Among other things, the bill (1) conforms the law to practice by expanding the types of ammunition the databank stores to include not just handgun ammunition but other firearm ammunition as well; (2) eliminates the mandate for entering all handgun “test fire” data as defined in law and instead gives personnel discretion in data entry; (3) allows, rather than requires, police departments to submit to the laboratory for testing handguns in their custody that pertain to a criminal investigation; (4) allows, rather than requires, the laboratory to test fire handguns submitted to it; and (5) eliminates the mandate for completing tests within 60 days of submission.
The bill also makes technical and conforming changes.
*Senate Amendment “A” (1) requires the databank to maintain evidence on all firearm, not just handgun, ammunition, and makes conforming changes; (2) allows, rather than requires, police to submit to the laboratory for testing handguns that pertain to a criminal investigation; and (3) allows, rather than requires, test fires of handguns submitted to the laboratory.
EFFECTIVE DATE: October 1, 2012
FIREARMS EVIDENCE DATABANK
Under current law, the databank is a computer-based system that scans and stores images of handgun “test fires” in a way that can be retrieved and compared with other test fires and evidence. The bill renames “test fires” as “fired components of ammunition” and makes conforming and other changes to reflect the new label.
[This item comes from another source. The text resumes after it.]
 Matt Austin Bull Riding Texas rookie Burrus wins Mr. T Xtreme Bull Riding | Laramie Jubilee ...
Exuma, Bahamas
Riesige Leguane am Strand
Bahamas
Under the bill, “fired components of ammunition,” means discharged ammunition consisting of a cartridge case or a bullet fragment, collected after a handgun is fired and containing sufficient microscopical characteristics to compare to other discharged ammunition or to determine the handgun from which the ammunition was fired. Fired components of ammunition includes ammunition collected from any firearm, not just handguns.
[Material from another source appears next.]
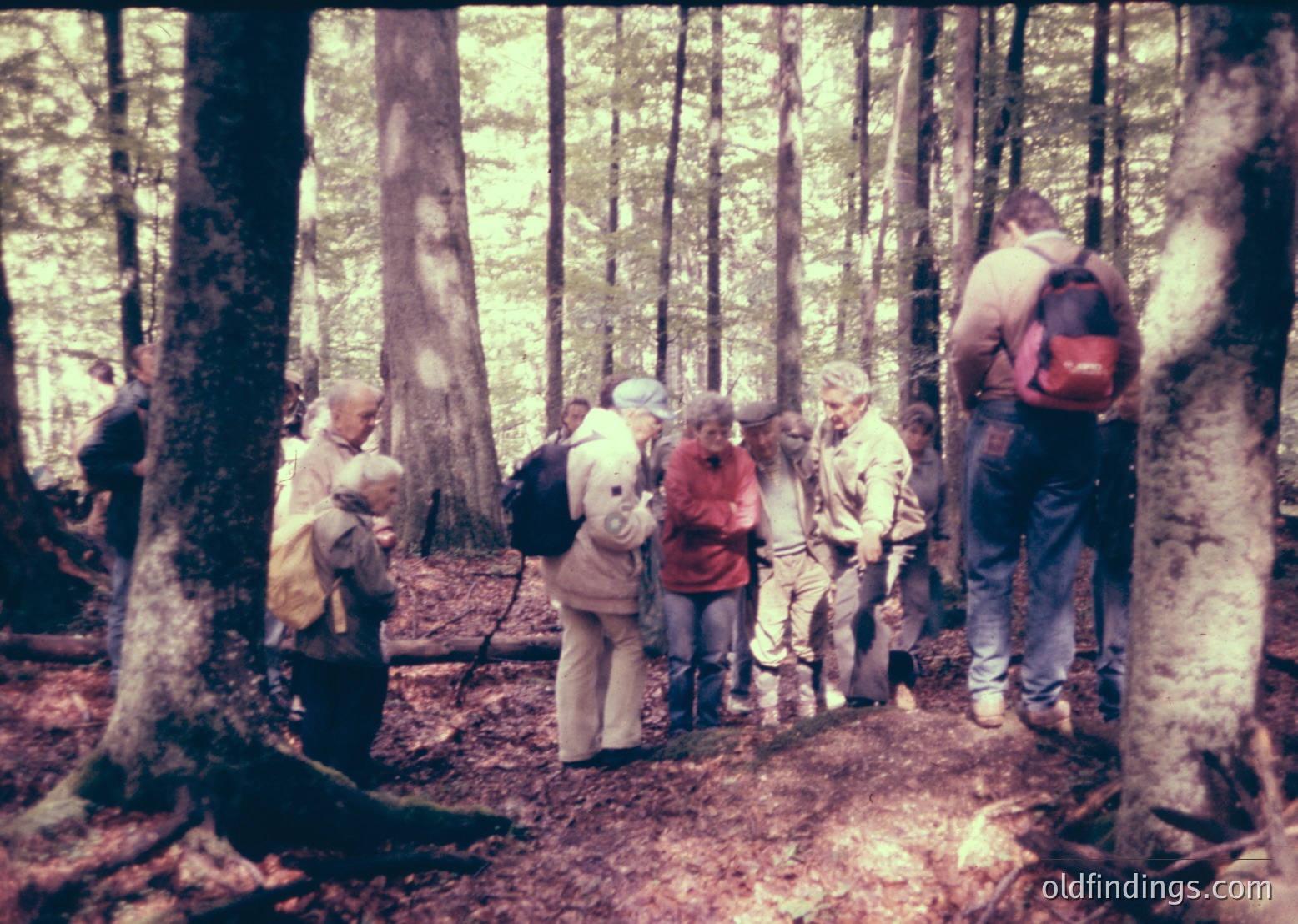 Vintage group hiking in dense forest, 1970s-era attire with backpacks and casual wear. Tall, mature trees frame the scene, suggesting a temperate woodland trail.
The bill allows, rather than requires, DESPP forensic science laboratory personnel to enter evidence of fired components of ammunition into the databank.
Subjects of and Deadline for Test Fires
Under current law, (1) police departments must submit to the laboratory any handguns in their custody that were found, ordered destroyed by a court, or pertain to a criminal investigation before returning or destroying them and (2) the laboratory must collect a test fire from each handgun submitted within 60 days of submission.
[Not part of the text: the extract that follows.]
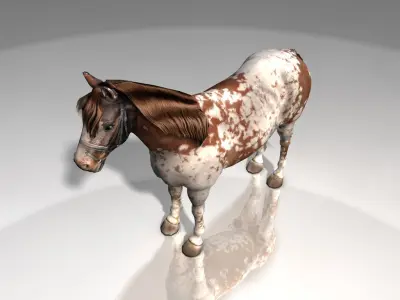 Pinto Horse Low-poly 3D model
The bill (1) eliminates the requirement for the departments to submit guns that were found or ordered destroyed; (2) allows, rather than requires, them to submit handguns related to criminal investigations; (3) allows, rather than requires, the laboratory to test fire the guns; and (4) eliminates the 60-day deadline for such tests.
By law, police departments must collect a test fire from all handguns before issuing them to their employees. Under current law, they must submit two intact cartridges of the same type of ammunition used for the test fire. The bill instead requires a department to submit two cartridges that are representative samples of the ammunition the department uses in its service handguns.
When a firearm is discharged, it leaves unique markings on the bullets and shell casings. The bullets and shell casings are ballistic data. Ballistic identification systems make it possible to link bullets and shell casings recovered at crime scenes. They can identify the make, model, and serial number of the gun that fired a bullet.